Grizzly Man (2005)
I won’t spend a lot of time dealing with my natural aversion to documentaries, I don’t see a good reason for spending much time on said aversion by this point. For those not aware, and really if you read what I write you should be well aware, I dislike documentaries with all of my heart. I don’t like the format, I don’t like the biased nature of every single documentary I have ever seen, and in general most documentaries bore me to tears. Certain people continue to try and expose me to different documentaries, hoping that theirs will be the documentary that changes my opinion on the genre. This time michael x decided to take a crack at my anti-documentary ways by assigning me Grizzly Man for my dictation. In full disclosure, he didn’t know of my documentary aversion when he assigned Grizzly Man, but in assigning this film he lobbed the best grenade at my shelter of documentary hate. What will happen when I watch a film from a genre I hate with a passion that is directed by my second favorite director of all-time?

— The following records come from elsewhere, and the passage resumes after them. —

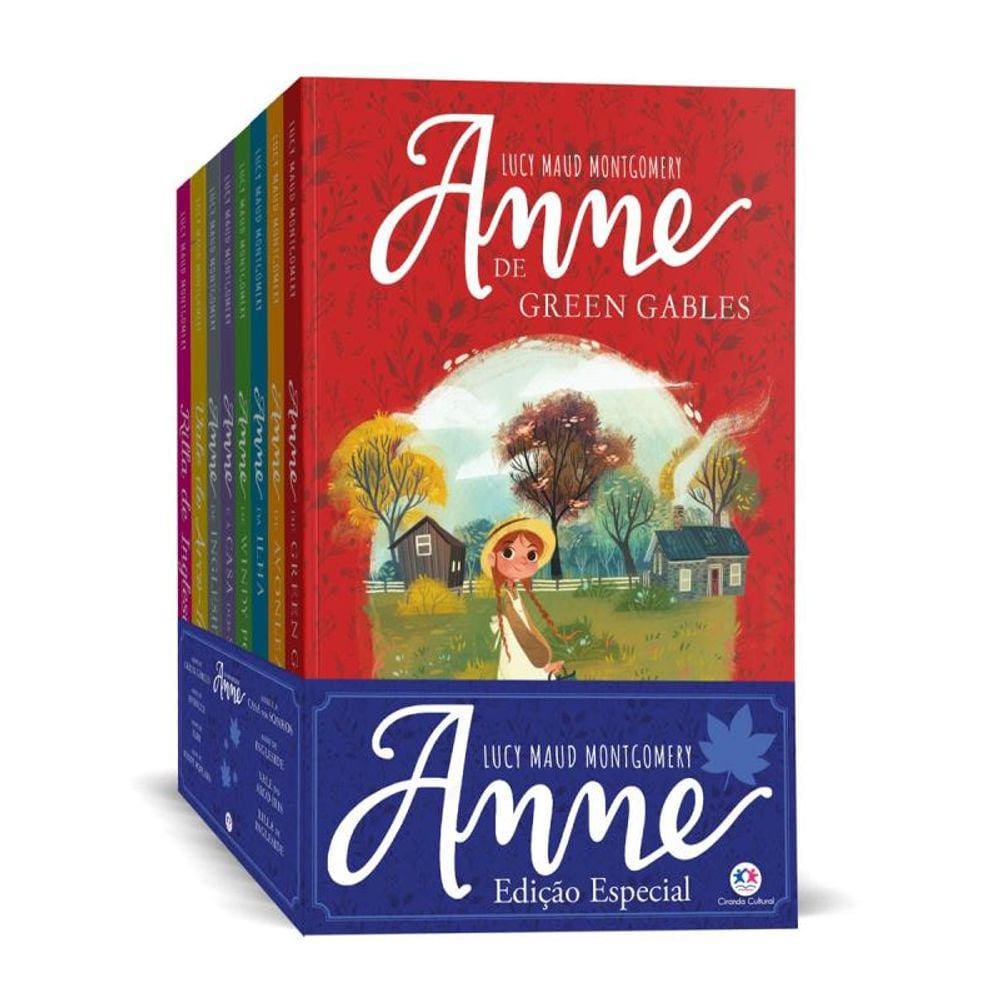 Coleção Anne De Green Gables
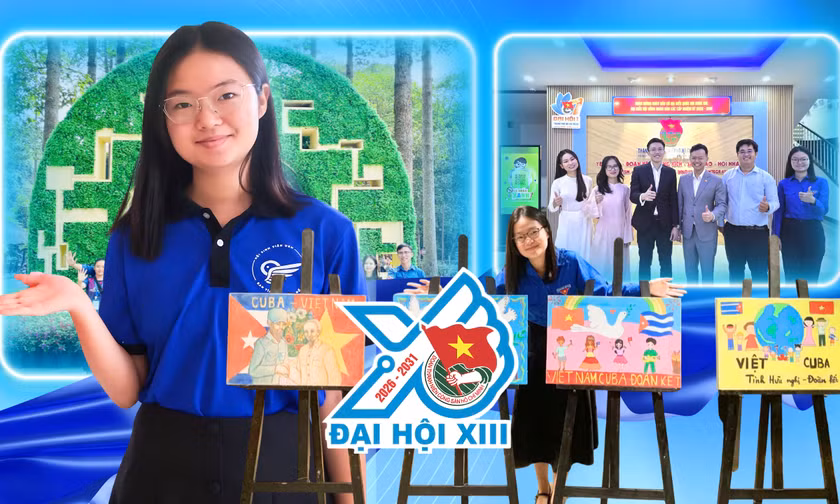 Hướng tới Đại hội Đoàn lần thứ XIII: Teen Việt tự tin làm Đại sứ ngoại giao học đường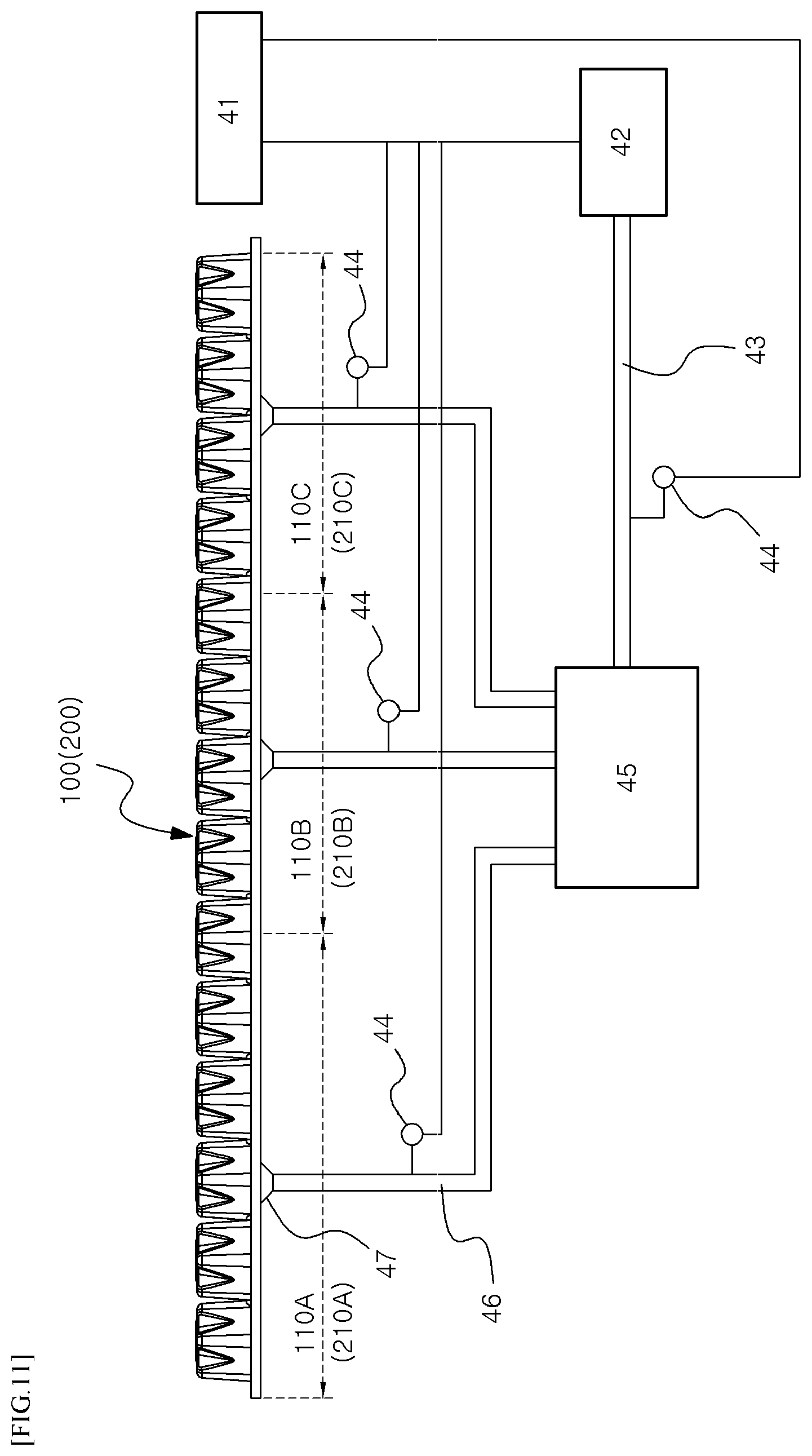 Patent US12310507 Figure 11 – Air pocket module and air mattress including the same
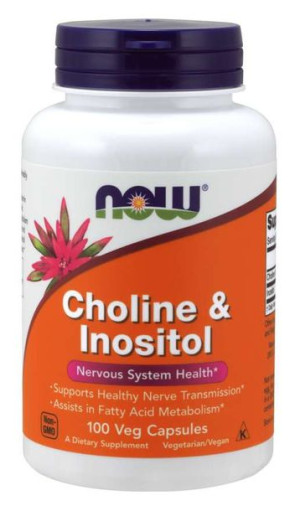 Cholina i Inozytol (100 kaps.)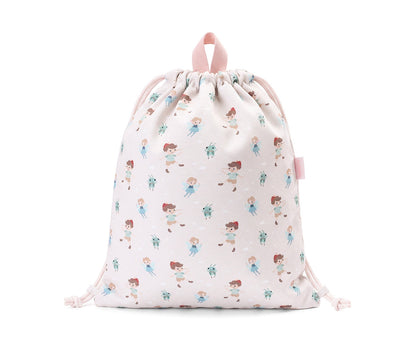 Mochila Saco Tela The Wooden Boy - TUTETE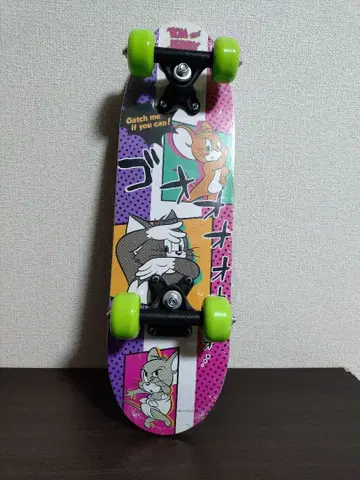 톰과 제리 스케이트보드 Ver.5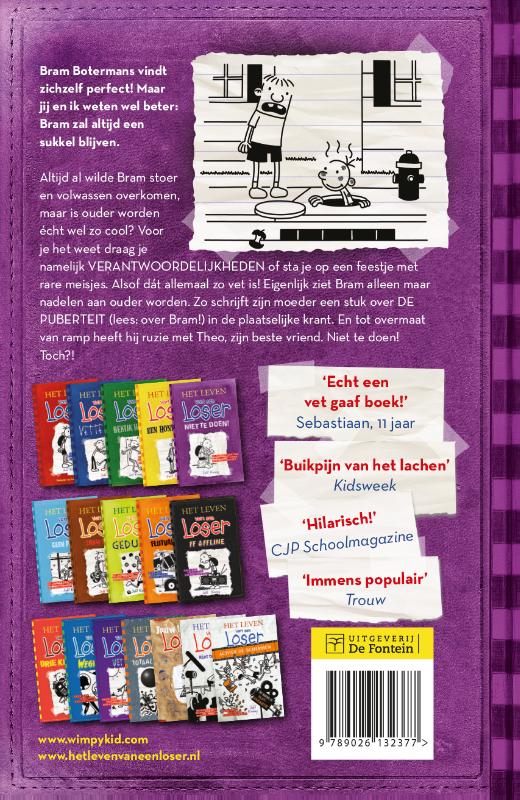 Achterkant van Niet te doen!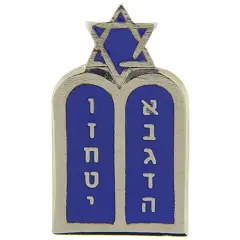 EagleEmblems P12403 PIN-USAF,Chaplain,Jewish (1'')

Unfortunately Grizzly Man began much the same way that most of my documentary viewings have begun, with me struggling to stay interested in what was on my screen. This feeling would return from time to time, most notably whenever Werner Herzog would let the narrative meander a bit and get away from the central conflict he had set up in my eyes. But, after a bit something began to happen. No, I didn’t all of a sudden have a realization about the documentary genre, but I did begin to see the underpinnings of classic Herzog on display. I also realized that my reading of Grizzly Man was going to be a tad different than what I have read from most others, but as more time ticked by it became clearer to me that Grizzly Man wasn’t a portrait of Tim Treadwell, rather it was a conversation between Herzog and Treadwell about nature.
This aspect of Grizzly Man fascinated me. On the one hand you have Treadwell, a man who takes a sentimental view of nature, a man who believes that humanity can impose its will upon nature and live in harmony with nature as a result. At the opposite end of the spectrum resides Herzog, for him nature is anything but harmonious and the mere existence of man within nature leads to nothing but death, destruction and strife. In essence Grizzly Man is the argument of naturalism versus chaos theory, the idea that nature can be understood versus the idea that nature is wild and can’t be understood by the mind of man.

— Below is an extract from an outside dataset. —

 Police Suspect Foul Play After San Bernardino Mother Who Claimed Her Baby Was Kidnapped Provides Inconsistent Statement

Throughout Grizzly Man Herzog allows for Treadwell’s viewpoint to be given ample time. He never smothers what Treadwell has to say, instead opting for the approach of every once in a while interjecting his own thoughts on nature and how his views differ from Treadwell. He frames this argument, or debate, around the looming death of the subject of his documentary. This gives Grizzly Man an eerie quality, and eeriness that is only enhanced by the beautiful visuals supplied by both Herzog and Treadwell. The idea of a well thought out debate about nature taking place over the top of beautiful nature shots while we await the death of the central figure in the film is only something I would ever think to get out of a Herzog film.
Grizzly Man didn’t change the way I look at documentaries, I still dislike the genre a great deal. Instead Grizzly Man reaffirmed the brilliance that I find in Werner Herzog and showed that he has the ability to take something I have utter disdain for and make it interesting. Grizzly Man is a bit slow going at times, and could have used a smidgen of narrative tightening, but it is an interesting debate and in many ways a dark comedy. In short, Grizzly Man is a Werner Herzog film.